Goal of the exercise — What you write must be the lines from the one holding "Premium look Floral" through the final line of the records below, reproduced exactly, minus the pictures.

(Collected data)
_ _ _ _

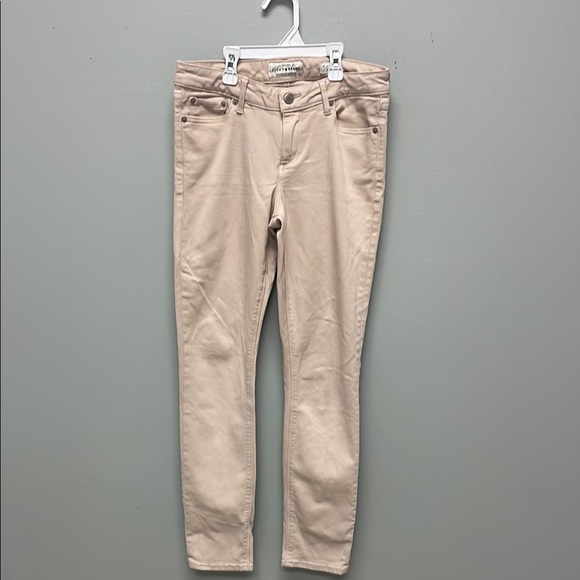 EUC Lucky Brand Size 4/27 Blush Colour Jeans with Stretch. - Picture 1 of 6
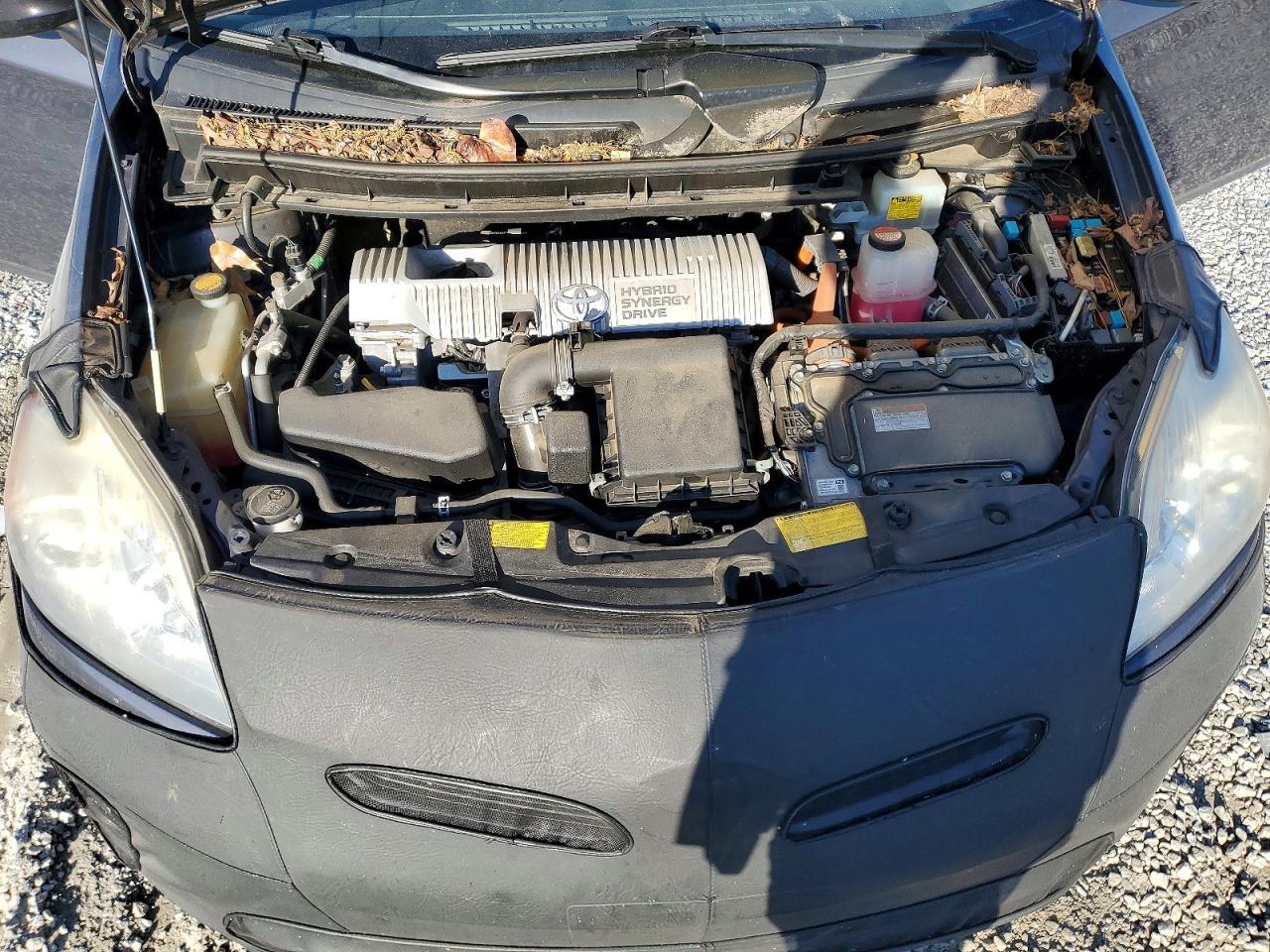 2014 Toyota Prius Two - zdjęcie 11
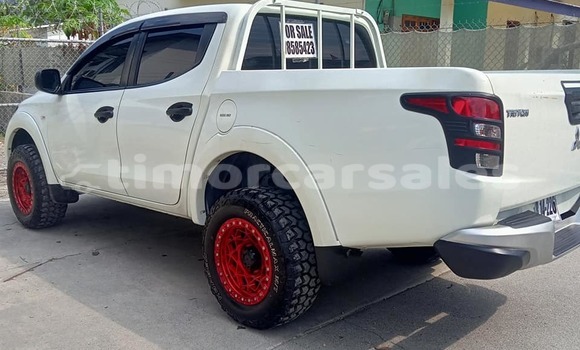 Buy Used Mitsubishi Triton White Car in Atabae in Bobonaro Buy Used Mitsubishi Triton White Car in Atabae in Bobonaro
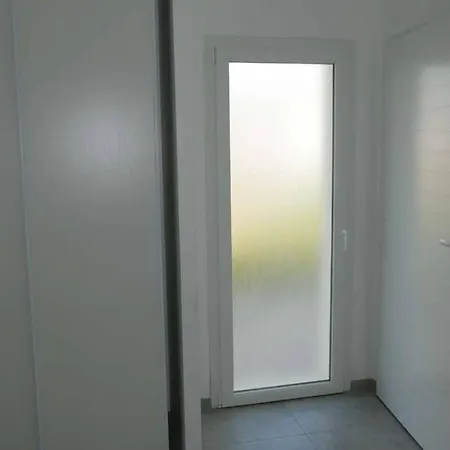 Dans Maison Neuve Apartment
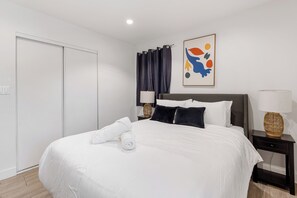4 bedrooms, desk, iron/ironing board, travel crib - 10mins to Rodeo Drive, 15mins to Venice • Modern 4BDR | Shenandoah by AvantStay (Los Angeles)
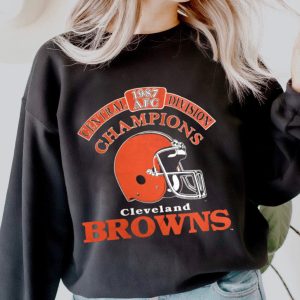 Vintage Cleveland Browns Dawg Pound Football Fan Gear Apparel Crewneck Sweatshirt 1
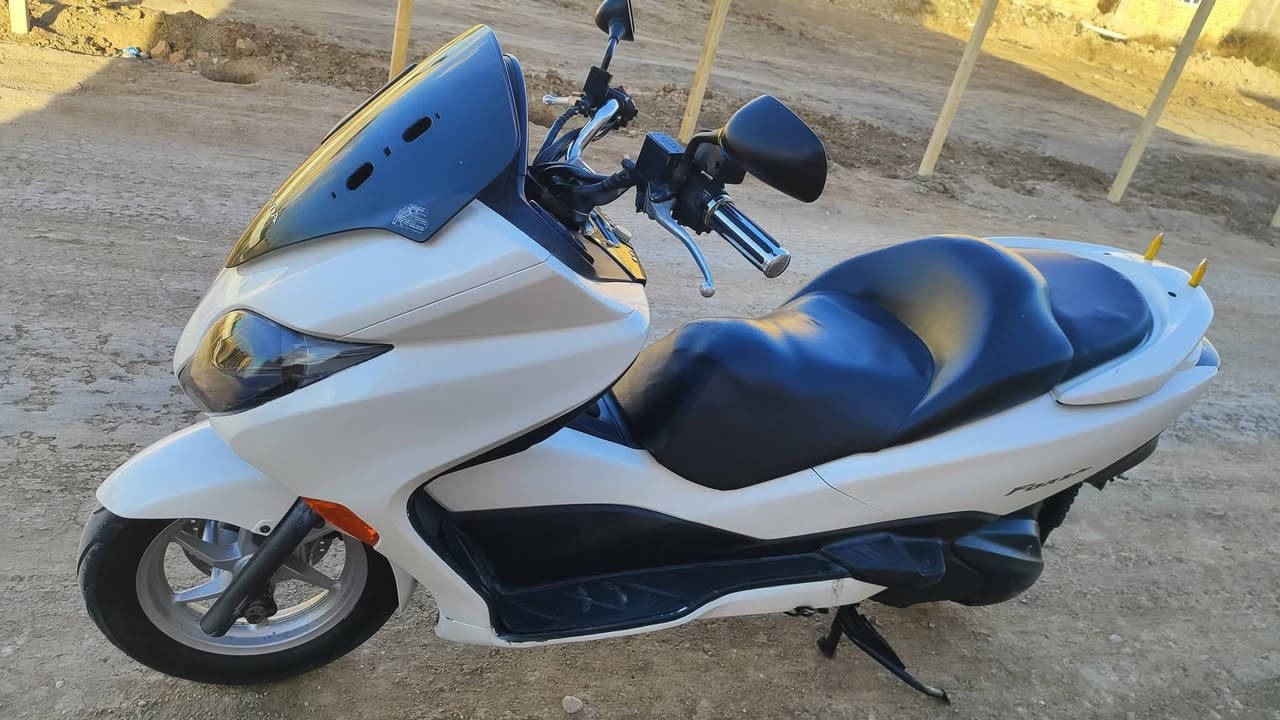 فورزا 010، S7,  مسجل بلاد. مكينة مكفولة تخم تاير جديد كلج خلفي جديد ، بيها مواصفات هوايه ، للتواصل  واتساب 
***********
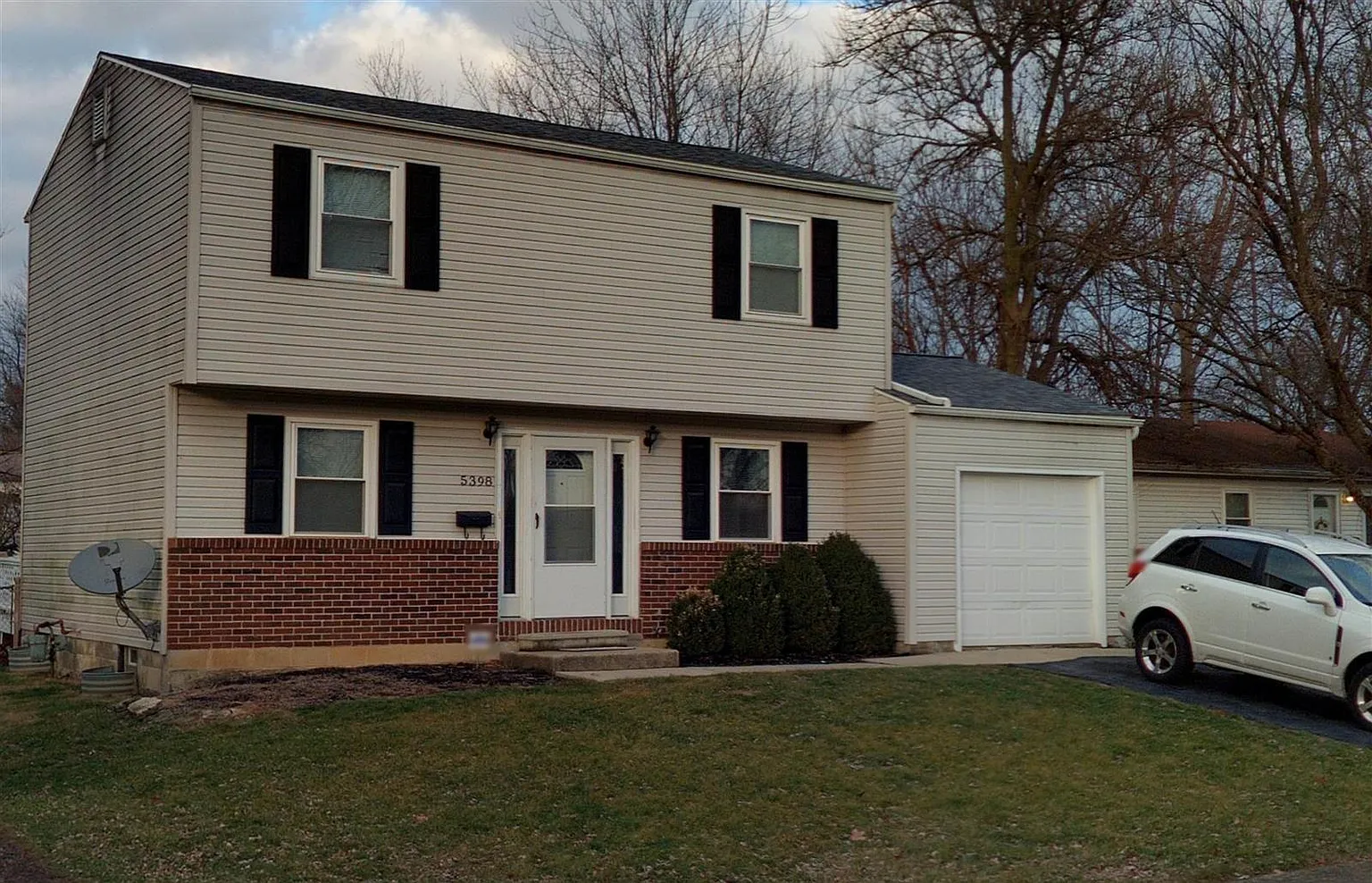 5398 Centner Ln photo 1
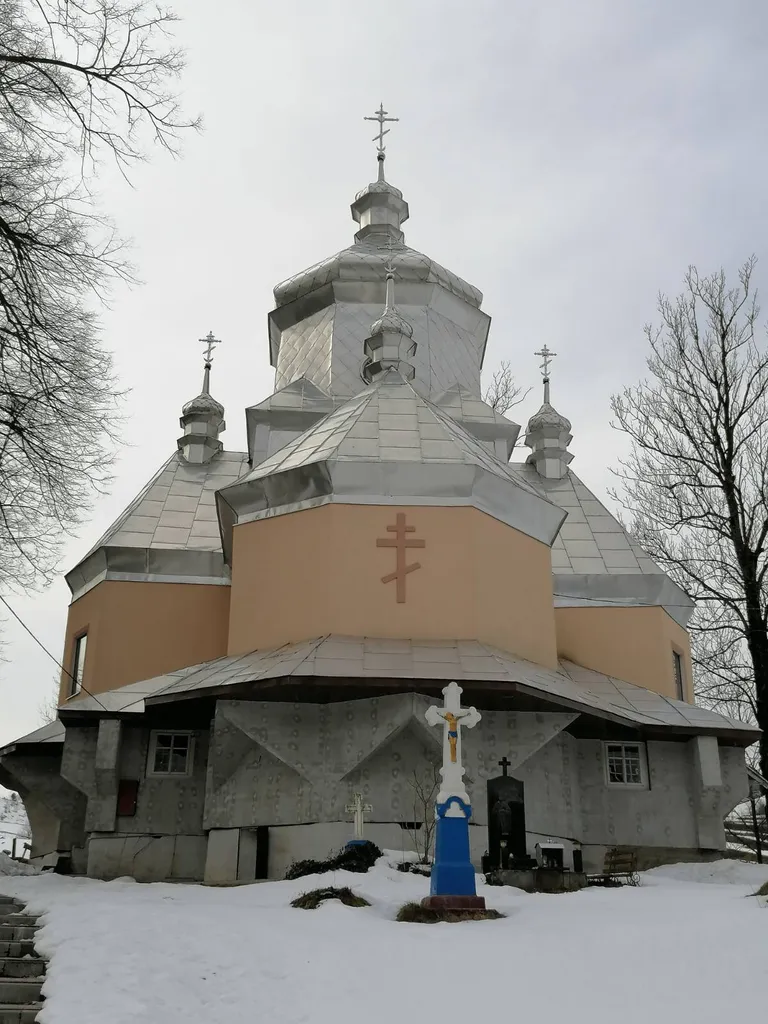 Церква Святого Архистратига Михаїла, Липовиця,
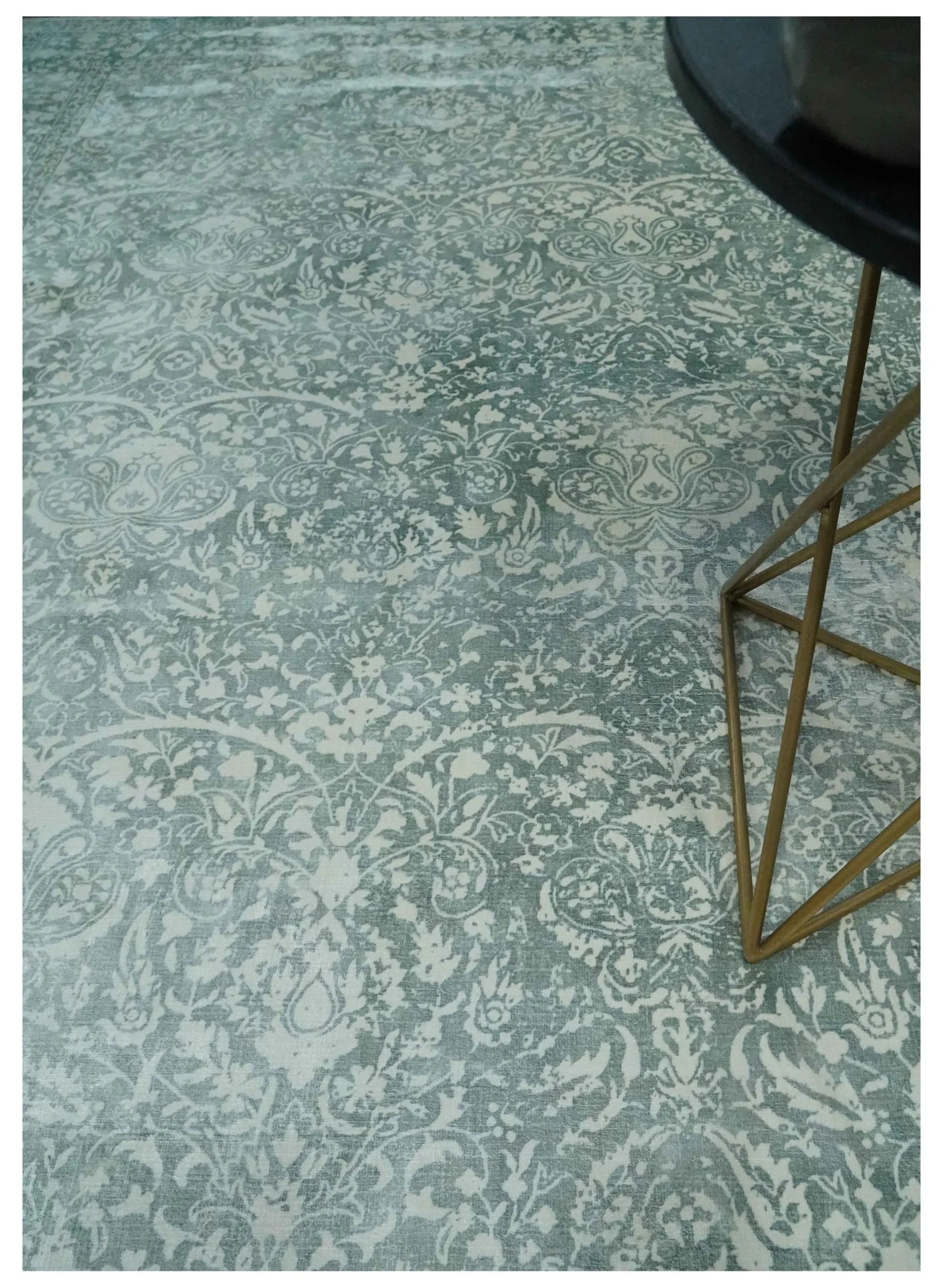 Premium look Floral Ivory and Green 5.6x8 Handloom Viscose Area Rug - Image 3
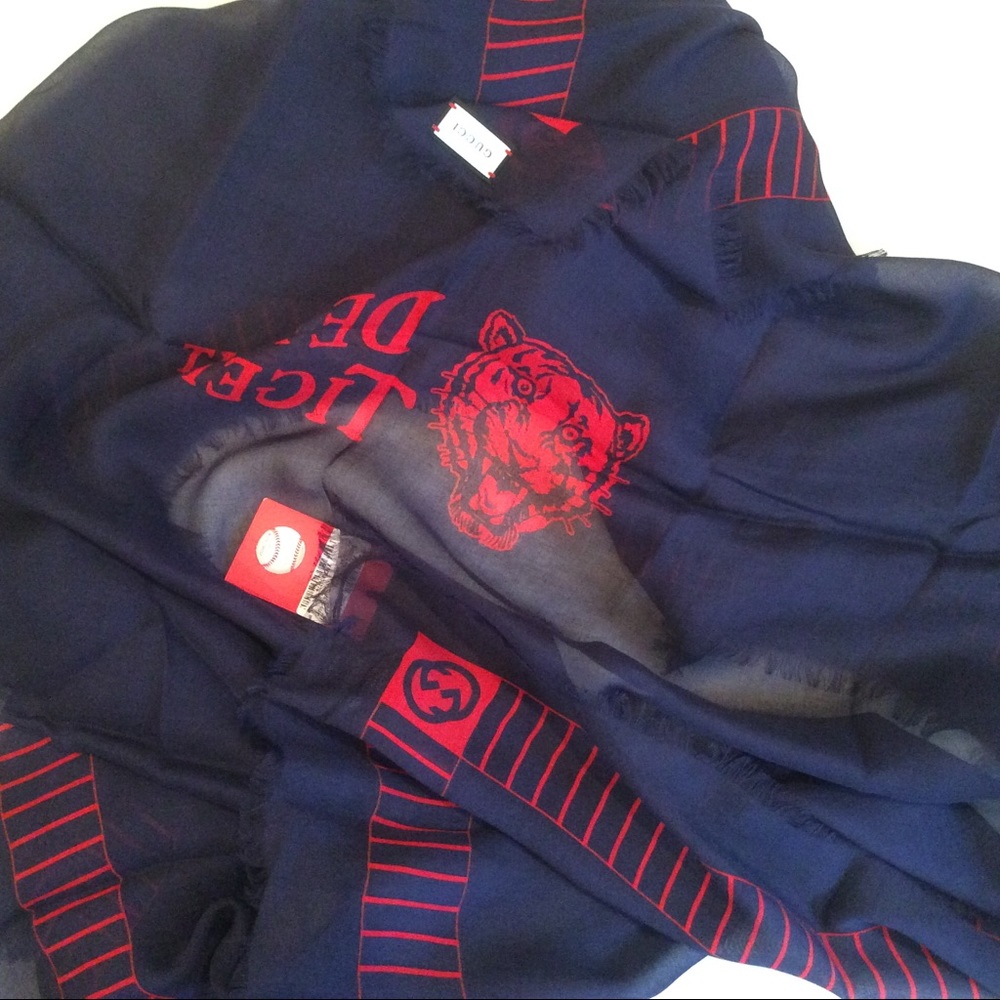 Gucci Detroit Tigers Limited Edition Navy Blue Scarf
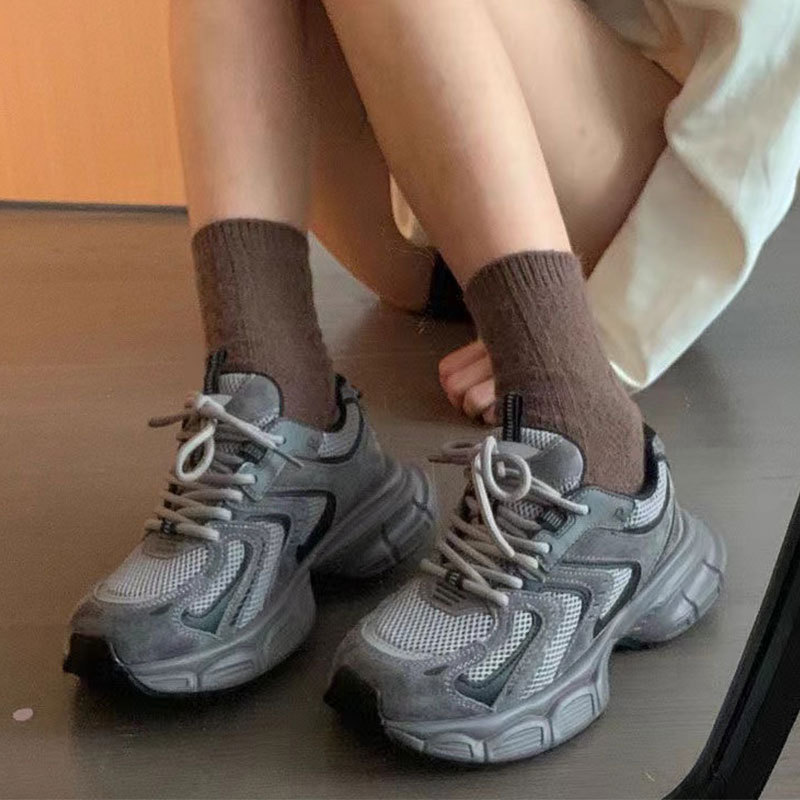 轻便透气百搭运动休闲鞋女款2025
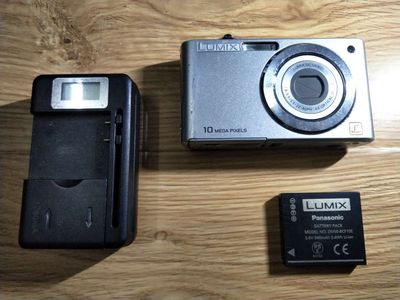 Máy ảnh Panasonic DMC-FS42- 10MP- xtay Nhật Bản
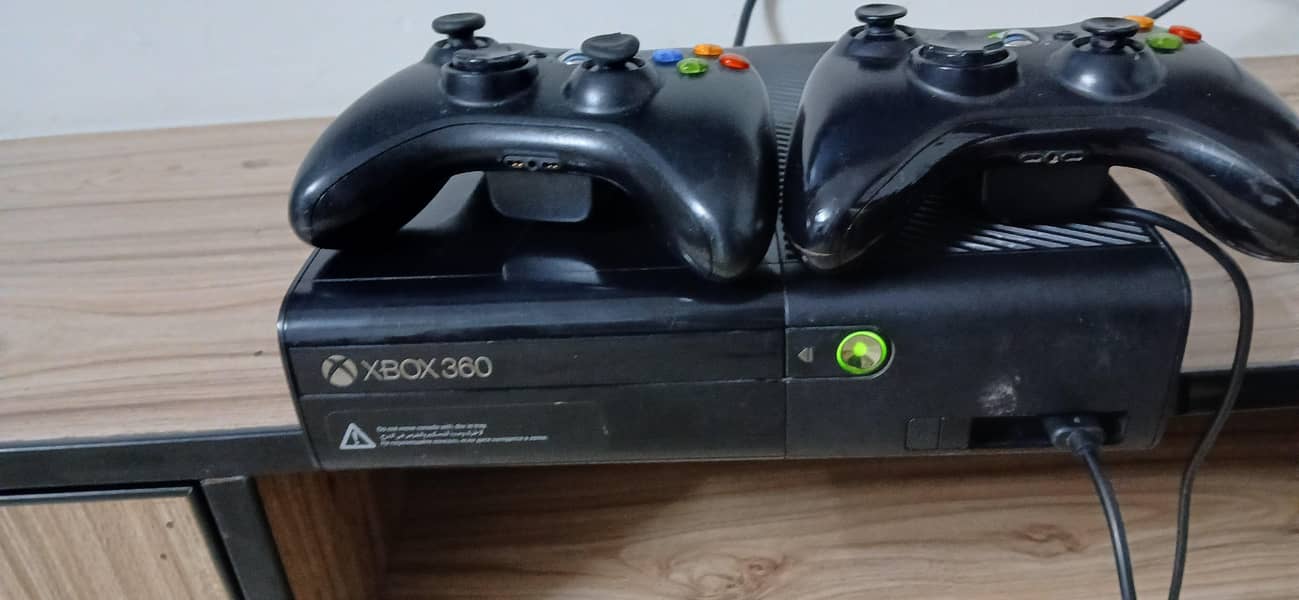 x box 360  with 2 wireless controller 0
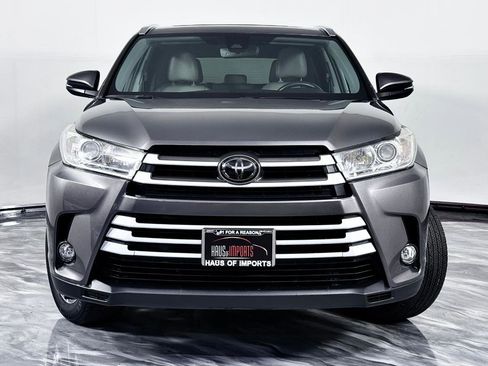 Used 2019 Toyota Highlander XLE AWD/4WD image 7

_ _ _ _

Finished exercise —
 Premium look Floral Ivory and Green 5.6x8 Handloom Viscose Area Rug - Image 3
 Gucci Detroit Tigers Limited Edition Navy Blue Scarf
 轻便透气百搭运动休闲鞋女款2025
 Máy ảnh Panasonic DMC-FS42- 10MP- xtay Nhật Bản
 x box 360  with 2 wireless controller 0
 Used 2019 Toyota Highlander XLE AWD/4WD image 7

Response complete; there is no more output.